Are you able to run it with valgrind?
% valgrind --tool=memcheck --error-limit=no --num-callers=50 --track-origins=yes seer yourprog arg1 arg2
It may show an obvious coding error on my part.
Everything freezes, I have to hold down the power button and reboot the computer from a forced shutdown state, it happens midway through the compile/install stage so I can't run valgrind or anything on it since it never finishes the install, btw I think I forgot to mention my system is manjaro cinnamon x64.
Edit: I'll try again but I'll take a photo of where it freezes with my phone and try uploading that
Ah. It's freezing/hanging in the building of the app. I misunderstood. I assumed it was when you ran the Seer program. You haven't got that far yet.
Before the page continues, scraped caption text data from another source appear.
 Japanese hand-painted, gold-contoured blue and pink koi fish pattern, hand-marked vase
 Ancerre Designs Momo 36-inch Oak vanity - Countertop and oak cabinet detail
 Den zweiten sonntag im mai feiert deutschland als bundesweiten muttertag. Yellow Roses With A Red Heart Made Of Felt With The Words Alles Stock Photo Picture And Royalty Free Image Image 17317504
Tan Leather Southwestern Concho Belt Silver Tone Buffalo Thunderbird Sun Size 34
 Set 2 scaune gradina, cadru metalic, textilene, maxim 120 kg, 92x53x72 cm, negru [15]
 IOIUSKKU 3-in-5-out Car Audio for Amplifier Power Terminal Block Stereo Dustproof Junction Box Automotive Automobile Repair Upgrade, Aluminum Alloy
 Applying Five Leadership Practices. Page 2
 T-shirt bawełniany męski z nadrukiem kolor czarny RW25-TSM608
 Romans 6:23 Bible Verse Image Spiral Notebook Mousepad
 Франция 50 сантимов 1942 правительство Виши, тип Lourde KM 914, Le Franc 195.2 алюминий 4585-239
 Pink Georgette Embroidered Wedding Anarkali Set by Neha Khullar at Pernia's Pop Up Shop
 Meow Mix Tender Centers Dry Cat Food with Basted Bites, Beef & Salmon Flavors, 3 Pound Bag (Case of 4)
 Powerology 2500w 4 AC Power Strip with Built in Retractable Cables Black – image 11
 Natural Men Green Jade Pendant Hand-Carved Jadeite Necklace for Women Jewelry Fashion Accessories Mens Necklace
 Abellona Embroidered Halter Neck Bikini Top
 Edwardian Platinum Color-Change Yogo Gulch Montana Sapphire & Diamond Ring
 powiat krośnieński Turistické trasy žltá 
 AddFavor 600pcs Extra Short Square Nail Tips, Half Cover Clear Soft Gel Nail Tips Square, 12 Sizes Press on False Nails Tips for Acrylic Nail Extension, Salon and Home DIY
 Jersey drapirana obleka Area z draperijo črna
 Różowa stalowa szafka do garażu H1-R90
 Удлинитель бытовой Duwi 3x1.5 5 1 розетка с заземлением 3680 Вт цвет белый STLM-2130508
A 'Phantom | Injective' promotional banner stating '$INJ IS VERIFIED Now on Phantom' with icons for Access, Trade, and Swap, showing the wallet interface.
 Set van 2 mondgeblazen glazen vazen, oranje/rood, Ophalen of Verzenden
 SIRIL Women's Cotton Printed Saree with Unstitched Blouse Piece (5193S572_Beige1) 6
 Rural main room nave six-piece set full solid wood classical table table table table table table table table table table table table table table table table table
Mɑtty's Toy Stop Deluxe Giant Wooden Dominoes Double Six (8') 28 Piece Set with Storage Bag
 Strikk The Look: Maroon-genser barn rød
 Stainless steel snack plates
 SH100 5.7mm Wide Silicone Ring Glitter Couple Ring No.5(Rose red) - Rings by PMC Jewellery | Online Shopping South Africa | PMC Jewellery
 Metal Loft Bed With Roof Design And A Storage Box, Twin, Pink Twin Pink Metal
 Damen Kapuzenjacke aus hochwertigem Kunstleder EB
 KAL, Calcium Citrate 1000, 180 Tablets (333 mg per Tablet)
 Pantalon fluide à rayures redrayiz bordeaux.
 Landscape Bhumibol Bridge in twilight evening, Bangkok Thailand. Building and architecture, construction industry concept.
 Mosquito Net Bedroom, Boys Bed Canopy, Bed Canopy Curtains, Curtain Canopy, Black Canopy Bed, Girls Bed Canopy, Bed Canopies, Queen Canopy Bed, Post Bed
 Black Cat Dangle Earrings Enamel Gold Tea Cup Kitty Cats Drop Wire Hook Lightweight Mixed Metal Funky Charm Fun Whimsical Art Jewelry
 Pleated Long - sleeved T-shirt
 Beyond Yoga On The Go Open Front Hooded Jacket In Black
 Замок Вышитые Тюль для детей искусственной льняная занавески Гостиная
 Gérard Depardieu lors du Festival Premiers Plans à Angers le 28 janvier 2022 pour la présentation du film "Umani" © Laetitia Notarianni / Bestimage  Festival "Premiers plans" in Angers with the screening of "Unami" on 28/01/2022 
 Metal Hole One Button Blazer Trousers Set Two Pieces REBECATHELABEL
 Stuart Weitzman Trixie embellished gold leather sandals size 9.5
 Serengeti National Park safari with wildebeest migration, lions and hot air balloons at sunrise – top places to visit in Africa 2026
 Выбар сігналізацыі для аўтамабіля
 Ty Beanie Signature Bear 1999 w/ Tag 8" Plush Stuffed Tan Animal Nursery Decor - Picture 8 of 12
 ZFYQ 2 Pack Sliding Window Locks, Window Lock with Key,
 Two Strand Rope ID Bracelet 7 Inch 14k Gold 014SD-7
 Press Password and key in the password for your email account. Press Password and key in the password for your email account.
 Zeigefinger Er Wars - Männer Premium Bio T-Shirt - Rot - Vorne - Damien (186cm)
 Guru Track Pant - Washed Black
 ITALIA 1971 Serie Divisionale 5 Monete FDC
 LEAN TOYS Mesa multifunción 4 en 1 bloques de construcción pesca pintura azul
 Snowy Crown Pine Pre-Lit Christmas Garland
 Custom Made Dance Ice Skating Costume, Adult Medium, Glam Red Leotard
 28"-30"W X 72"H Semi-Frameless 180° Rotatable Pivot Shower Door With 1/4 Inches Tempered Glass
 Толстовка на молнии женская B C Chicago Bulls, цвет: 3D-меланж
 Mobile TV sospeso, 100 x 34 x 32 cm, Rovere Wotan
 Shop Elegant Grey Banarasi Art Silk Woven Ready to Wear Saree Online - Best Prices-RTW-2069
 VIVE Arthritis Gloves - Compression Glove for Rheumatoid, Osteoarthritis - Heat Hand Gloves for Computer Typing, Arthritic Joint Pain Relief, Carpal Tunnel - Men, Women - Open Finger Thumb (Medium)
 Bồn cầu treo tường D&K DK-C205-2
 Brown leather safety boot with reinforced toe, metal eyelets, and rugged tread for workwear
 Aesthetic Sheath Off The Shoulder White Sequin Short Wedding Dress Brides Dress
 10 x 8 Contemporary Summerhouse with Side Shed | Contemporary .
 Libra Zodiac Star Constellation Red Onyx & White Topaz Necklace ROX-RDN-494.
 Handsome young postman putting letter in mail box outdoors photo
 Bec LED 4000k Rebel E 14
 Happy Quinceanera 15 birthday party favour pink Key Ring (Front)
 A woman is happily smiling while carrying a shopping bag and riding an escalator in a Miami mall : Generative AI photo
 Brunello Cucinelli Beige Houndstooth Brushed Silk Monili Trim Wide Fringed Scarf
It's curious that the last line is about the "resource" file. I include a bunch of icons there so that they get released with the Seer program. This may require some memory/swapspace on your machine to do that part of the build.
So, I wonder if your machine is running out of memory/swap etc. Can you run this command on your terminal and give me the result?
> free -g
Well I tried, this is what I got
free -g
free: Multiple unit options doesn't make sense.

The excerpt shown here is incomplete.